THE STORY: Based on the short story “Who Goes There?” written in the 1930s by John W. Campbell Jr., THE THING takes us to Antarctica in the winter of 1982. A chopper full of Norwegian scientists are trying to gun down a loping malamute, which happens to be unknowingly inhabited by an alien life form, as it makes its way across the dense snow to an American research outpost. Here, amid a priapic maelstrom of bearded testosterone, the alien being will evolve into a lethal mutated contagion with the ability to assimilate and replicate its host body down to the minutest of details. That is, save for inorganic material such as dental fillings, metallic jewelry, etc.

Marching our mass of mustachioed macho men is badass MacReady (Kurt Russell), a scotch-swilling, chess-playing man’s man whose wary instincts of always staying one move ahead will pay handsome dividends by the films end. As the film opens and a helicopter crash calls for their reconnaissance, MacReady and crew – Childs (Keith David), Blair (Wilford Brimley), Fuchs (Joel Polis), Windows (Thomas G. Waites), Bennings (Peter Maloney), Nauls (T.K. Carter), Palmer (David Clennon), Clark (Richard Masur), Garry (Donald Moffat), Norris (Charles Hallahan) and Dr. Copper (Richard Dysart) – recover a smoldering extraterrestrial being from the Norwegian site-wreckage and bring it back to the American base to examine. Once there, THE THING animates, begins subsuming the various human beings one by one, assimilates their being and replicates their bodily appearance, kills the originating host, and moves on to the next one…all the while going unnoticed by the remaining crew members. It’s ultimately up to MacReady to suss what the hell is going on, and like a true boss, put THE THING down for mother*cking good!
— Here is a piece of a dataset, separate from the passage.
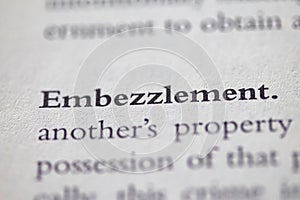 Closeup of Business legal term Embezzlement printed in textbook on white page.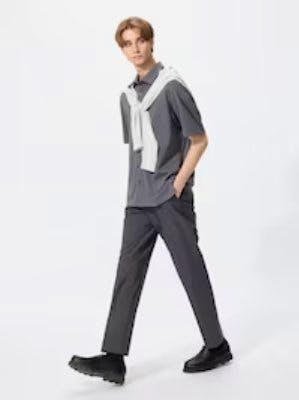 Male model wearing the men's polyester pants shown full-length while walking.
WHAT HOLDS-UP: You know it, I know it, and it’s 100% true: very little about THE THING does NOT tower tall and proudly in 2017. It’s an undisputed classic for a reason. Many reasons, actually. For a movie so heavily designed around its menacingly marvelous visual FX and underlying narrative mystery, its undeniable impact in this regarded has not retarded a single iota over the past 25 years. In fact, the nebulous nature of the films enigmatic finale has sparked decades-long debates about the true identity of the Thing, who survives, who succumbs, etc. There are many reasons for why the movie has held so strong over the years, but if we had to boil it down to a few key ingredients, we’d have to say that it’s the peerlessly prescient makeup and VFX, the though-stirring ambiguity of the films conclusion, and easily overlooked, the emotionally-stunted thud of Ennio Morricone’s deceptively simple score. Of course, many other accoutrements are mixed in to create the ultimate unassailable flavor, but it’s these three primary binders that have made THE THING so damn durable over the years. So let’s slide these suckers under the microscope, shall we?!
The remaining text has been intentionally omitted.